Cabbage, Goat, and Wolf Puzzle in TLA+

Over the past couple of months, I have been harping on the value of TLA+ for teaching engineers the art of abstraction. It is important to emphasize that this is an art, not a science, and it is best learned through studying examples and practicing hands-on with modeling. TLA+ excels in providing rapid feedback on your modeling and designs, which facilitates this learning process significantly.

Modeling the "cabbage, goat, and wolf" puzzle taught me that tackling real/physical-world scenarios is a great way to practice abstraction and design -- cutting out the clutter and focusing on the core challenge.

How will you represent this world? What will be your actors, objects, and the relations between them? Will one approach result in a cleaner protocol model than another? Or, as I like to ask, does the protocol flow cleanly from the model?

The puzzle description

Here is the puzzle.

A farmer with a wolf, a goat, and a cabbage must cross a river by boat. The boat can carry only the farmer and a single item. If left unattended together, the wolf would eat the goat, or the goat would eat the cabbage. How can they cross the river without anything being eaten?

 
Write a model of this system in TLA+/Pluscal, and challenge TLC (TLA+'s model checker) that the solution state cannot be reached, and follow the counterexample generated by TLC to see the solution.

If you like to test/improve your modeling/designing/abstraction skills, give this a try before you check my solution. This is not as easy as it looks. Modeling necessitates (and cultivates) a deep understanding of the problem. Modeling is nature’s way of telling us how lousy our initial understanding is.

Acknowledgment: I recently conversed with Michel Charpentier, and asked him about what type of TLA+ projects he uses in his teaching.
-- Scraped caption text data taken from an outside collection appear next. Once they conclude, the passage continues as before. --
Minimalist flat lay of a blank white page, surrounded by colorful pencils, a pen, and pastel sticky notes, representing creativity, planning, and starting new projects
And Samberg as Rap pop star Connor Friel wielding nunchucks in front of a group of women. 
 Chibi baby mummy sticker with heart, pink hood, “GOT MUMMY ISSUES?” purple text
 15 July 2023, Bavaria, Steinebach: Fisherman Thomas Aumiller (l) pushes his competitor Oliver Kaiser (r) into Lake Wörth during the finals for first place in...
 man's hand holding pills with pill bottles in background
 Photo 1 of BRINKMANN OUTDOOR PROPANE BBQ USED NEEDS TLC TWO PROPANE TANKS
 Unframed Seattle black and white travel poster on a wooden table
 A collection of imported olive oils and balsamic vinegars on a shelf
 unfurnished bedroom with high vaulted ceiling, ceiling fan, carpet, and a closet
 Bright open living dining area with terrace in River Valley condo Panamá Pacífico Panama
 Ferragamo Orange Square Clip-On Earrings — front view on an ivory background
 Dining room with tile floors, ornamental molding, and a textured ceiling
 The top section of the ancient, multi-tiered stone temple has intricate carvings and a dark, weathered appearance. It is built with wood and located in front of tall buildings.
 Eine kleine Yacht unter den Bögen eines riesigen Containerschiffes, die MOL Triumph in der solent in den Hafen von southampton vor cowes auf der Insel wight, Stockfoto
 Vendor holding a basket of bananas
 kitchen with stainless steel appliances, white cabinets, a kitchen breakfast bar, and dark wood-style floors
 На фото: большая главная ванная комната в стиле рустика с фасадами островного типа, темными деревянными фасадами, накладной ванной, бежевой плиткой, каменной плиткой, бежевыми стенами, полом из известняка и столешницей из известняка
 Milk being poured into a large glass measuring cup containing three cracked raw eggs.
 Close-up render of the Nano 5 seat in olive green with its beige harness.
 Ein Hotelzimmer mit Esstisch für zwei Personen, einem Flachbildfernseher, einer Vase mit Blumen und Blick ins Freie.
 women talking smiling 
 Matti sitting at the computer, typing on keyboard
Some of his projects are about modeling multihreaded Java programs, like bounded buffer problem, but several of them are about modeling real/physical world setups, like a customer ticketing system, and the "cabbage, goat, and wolf" puzzle. Inspired by this, I decided to try modeling the puzzle myself.

Modeling the problem

Let's consider the river's banks first, as they are central to the puzzle. Each bank can be represented as a set. Initially, the left bank contains {Cabbage, Goat, Wolf, Farmer}, while the right bank remains empty. The boat is another crucial element since it serves as the means of transportation and communication between the two banks. It is also initially empty.

Now, do we need the farmer in our model? Why doesn't the boat move itself from one side to the other? It turns out that including the farmer is useful for formalizing safety more cleanly. When the farmer is present on a bank, it is okay to have both a predator and prey together in that bank. And, in the absence of the farmer, we need to prevent leaving a prey and a predator together.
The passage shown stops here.